I have been practicing these powerful tools to be more mindful and I have experienced some incredible changes in my mindset. I recently had a chance to go to the beach with my family, I’ve been afraid of the ocean waves most of my life and have avoided playing in the ocean for 45 years. This visit to the ocean was different for me. I sat on the beach watching others play in the waves and I had a flashback of a time when I was about 8 years old and I was out playing in the ocean waves. A series of waves crashed on me and tumbled under the water disoriented. I didn’t know where the ocean floor was or open air, it had scared me at the time. 

 

As I reflected on this experience, I asked myself, if I went out in the ocean today, could I handle the waves in my adult body if that were to happen again? I decided that it was time for me to try again and trust myself that I would know what to do if the waves crashed on me again. I didn’t want to be the one sitting on the beach watching everyone else have fun because of a fear that started as a child. I chose to test my new mindset and go out into the ocean. Once I did, I had so much fun and enjoyed interacting with everyone else out there. I gained trust and confidence that I was ok. It was on the second day of playing in the ocean that a big wave crashed over me. I went under, but this time I kept my feet on the ocean floor and let the wave wash past me before I stood up. I felt so great to know that this particular fear of the ocean was an image in my mind that didn’t prove to be true. 

 

My process of questioning my fears and acknowledging them to be there, but not giving them power over me was thrilling.

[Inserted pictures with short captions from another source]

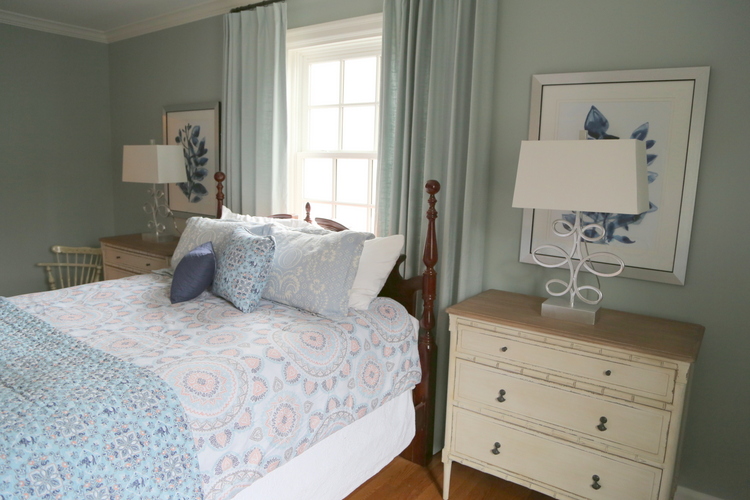 Modern Styling for An Antique Bed The Decorologist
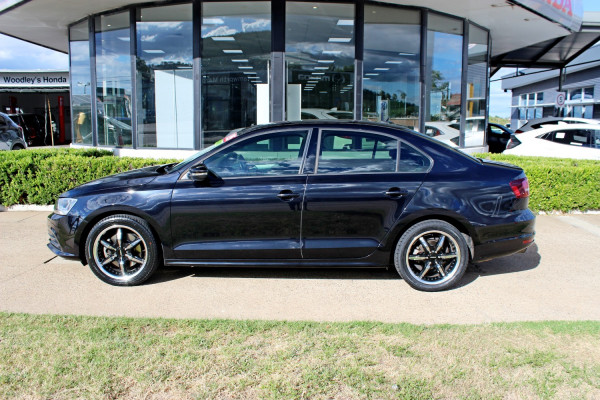 2017 MY16 Volkswagen Jetta 1B  118TSI 118TSI - Trendline Sedan Image 5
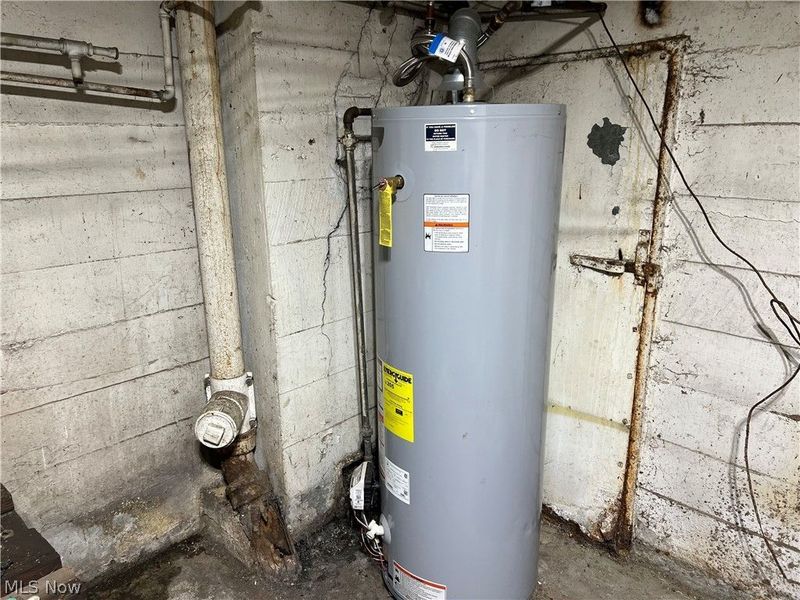 223 Broad Street, Conneaut, OH 44030 Photo 14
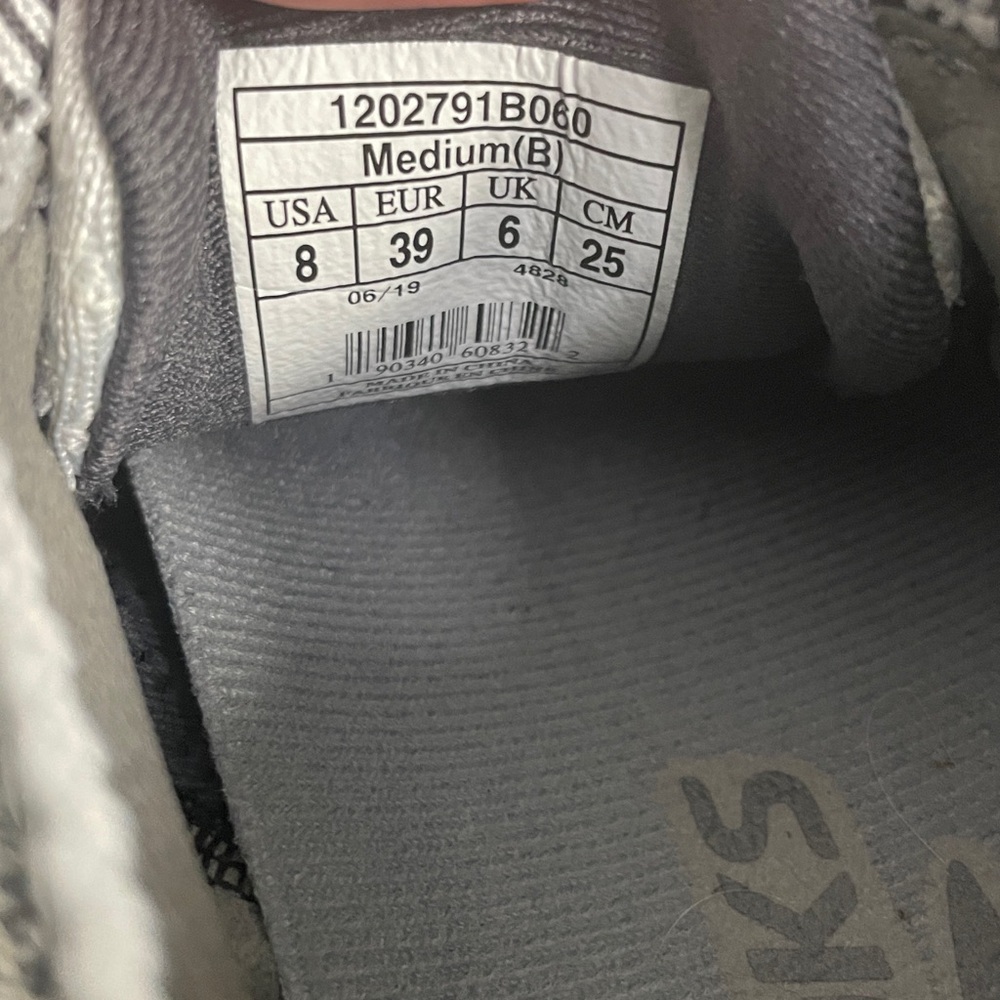 Brooks Womens Levitate running shoes pink gray size 8 athletic comfy athleisure - Picture 4 of 5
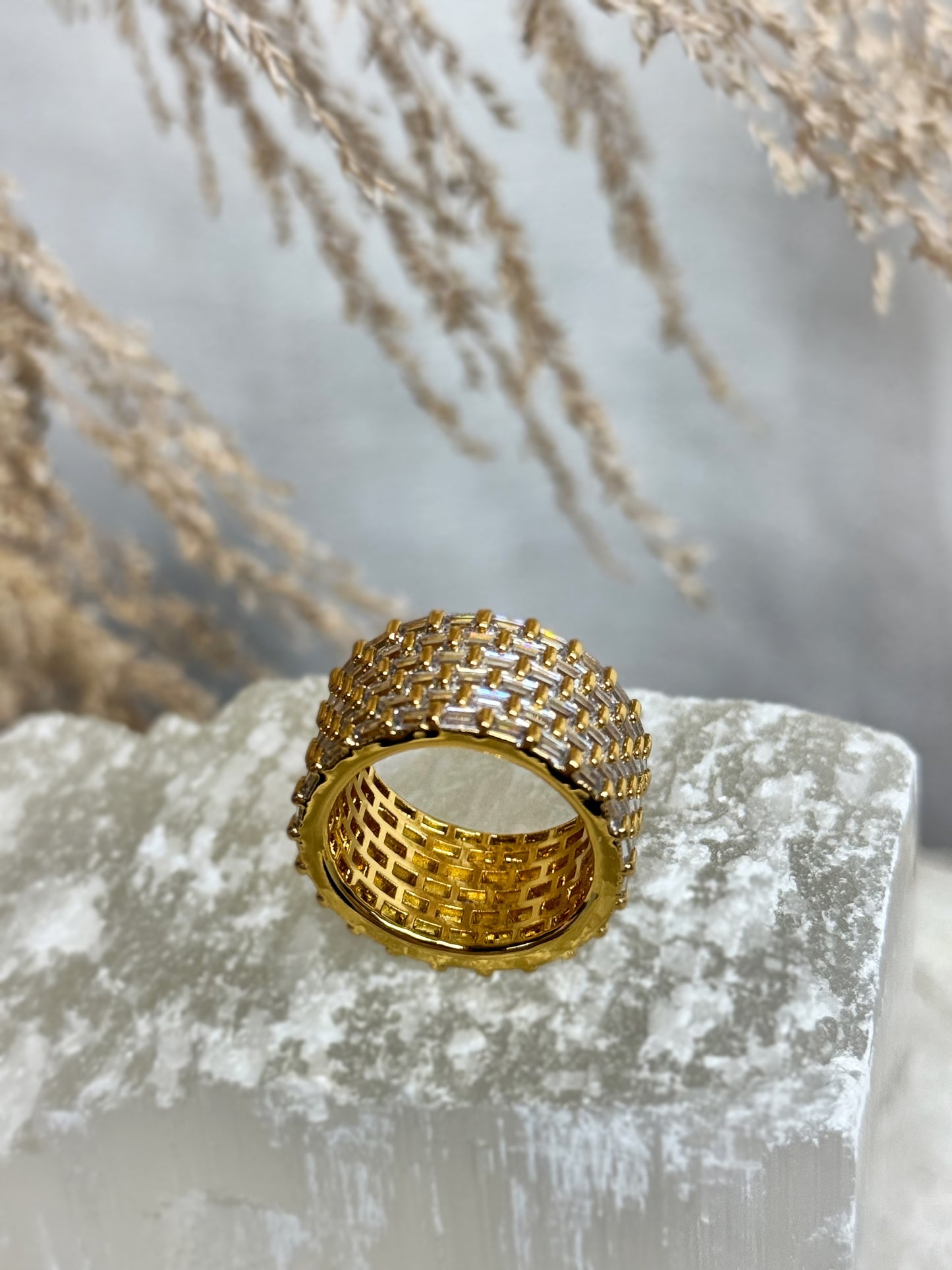 Shiloh Band Ring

My circumstances checklist allowed myself to adopt a mindset that allows me the chance to conquer boundaries I had set, and it allowed me to take control of my present moment rather than becoming distracted or fearful. I was able to overcome my challenge about the ocean and learned to trust the strength of my body rather the memory of a frightened 8 year old memory of myself. I am learning that practicing being mindful in the present moment while allows us the chance to work through the distractions and stresses of life.